Suppose the $p_j$ are not all equal, say $p_1<p_2$. (Clearly $n\ne 1$.) We will find a new probability density with higher entropy. It then follows, since entropy is maximized at some $n$-tuple, that entropy is uniquely maximized at the $n$-tuple with $p_i=1/n$ for all $i$.

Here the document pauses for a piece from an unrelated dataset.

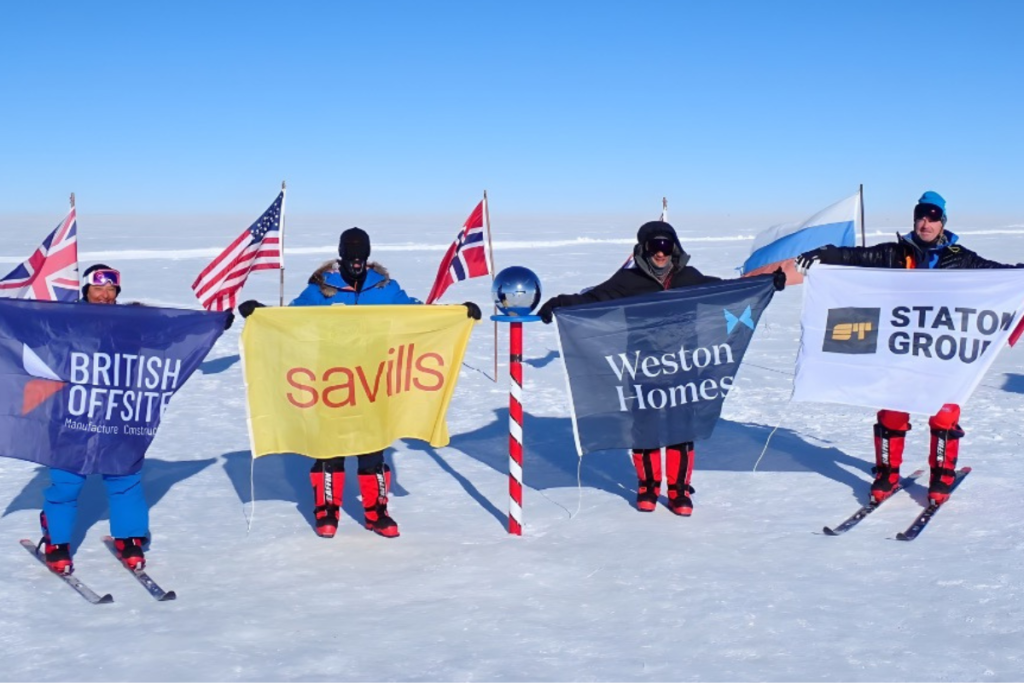 Shaun Weston, South Pole for Charity Expedition, Shaun at The South Pole with flags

Since $p_1<p_2$, for small positive $\epsilon$ we have $p_1+\epsilon <p_2-\epsilon$. The entropy of $\{p_1+\epsilon ,p_2-\epsilon ,p_3,\dots ,p_n\}$ minus the entropy of $\{p_1,p_2,p_3,\dots ,p_n\}$ equals $$-p_1\log \left(\frac{p_1+\epsilon }{p_1}\right)-\epsilon \log (p_1+\epsilon )-p_2\log \left(\frac{p_2-\epsilon }{p_2}\right)+\epsilon \log (p_2-\epsilon )$$

To complete the proof, we want to show this is positive for small enough $\epsilon$. Rewrite the above equation as $$\begin{array}{rl}-p_1\log (1+\frac{\epsilon }{p_1})& -\epsilon (\log p_1+\log (1+\frac{\epsilon }{p_1}))-p_2\log (1-\frac{\epsilon }{p_2})\\ & +\epsilon (\log p_2+\log (1-\frac{\epsilon }{p_2}))\end{array}$$

Recalling that $\log (1+x)=x+O\left(x^2\right)$ for small $x$, the above equation is $$-\epsilon -\epsilon \log p_1+\epsilon +\epsilon \log p_2+O\left({\epsilon }^2\right)=\epsilon \log \left(p_2/p_1\right)+O\left({\epsilon }^2\right)$$ which is positive when $\epsilon$ is small enough since $p_1<p_2$.

Simpler Proof

Recalling that $H(X)\le \log |\mathcal{X}|$ with equality if and only has a uniform distribution over $\mathcal{X}$.

Then for any r.v. $X$, it's maximum entropy is $\log |\mathcal{X}|$, and is achieved by a uniform distribution over $\mathcal{X}$.

Drawing with and without replacement

Drawing with and without replacement. An urn contains $r$ red, $w$ white, and $b$ black balls. Which has higher entropy, drawing $n\ge 2$ balls from the urn with replacement or without replacement?

Solution:

Let random variable $X_i$ denotes the outcome color of the $i-$th ball. The alphabate of all $X_i$ is the same: $\mathcal{X}=\{0,1,2\}$, where

1. $X_i=0$ if the ball is red,
2. $X_i=1$ if the ball is white
3. $X_i=2$ if the ball is black.

Let $p_{X_i}$ denote the PMF of $X_i$.

For the case with replacement:

For all $X_i\in X_1,\cdots ,X_n$, Since the total number of red, white, black balls are $r,w,b$, $$p(X_i)=\{\begin{array}{ll}\frac{r}{r+w+b}& \text{if }X=1\\ \frac{w}{r+w+b}& \text{if }X=2\\ \frac{b}{r+w+b}& \text{if }X=3.\end{array}$$ $p(X_i)$ doesn't change during the drawing process, so all $p(X_i)$ are independant(because of the replacement).

Due to Theorem: Entropy is additive for independent r.v., $$H(X_1,X_2,\cdots ,X_k)=H\left(X_1\right)+H\left(X_2\right)+\cdots +H\left(X_k\right).$$ For the case without replacement:

the picks are not independent anymore, due to the chain rule for joint entropy, we have $$\begin{array}{rl}H(X_1,X_2,\cdots ,X_k)& =H\left(X_1\right)+H(X_2\mid X_1)+\cdots +H(X_k\mid X_1,\cdots ,X_k-1).\end{array}$$

Meanwhile, due to Theorem: Theorem: Conditioning reduces entropy, we have: $$H\left(X_1\right)+H(X_2\mid X_1)+\cdots +H(X_k\mid X_1,\cdots ,X_k-1)\le H\left(X_1\right)+H\left(X_2\right)+\cdots +H\left(X_k\right)$$ Hence, the sample with replacement has higher entropy.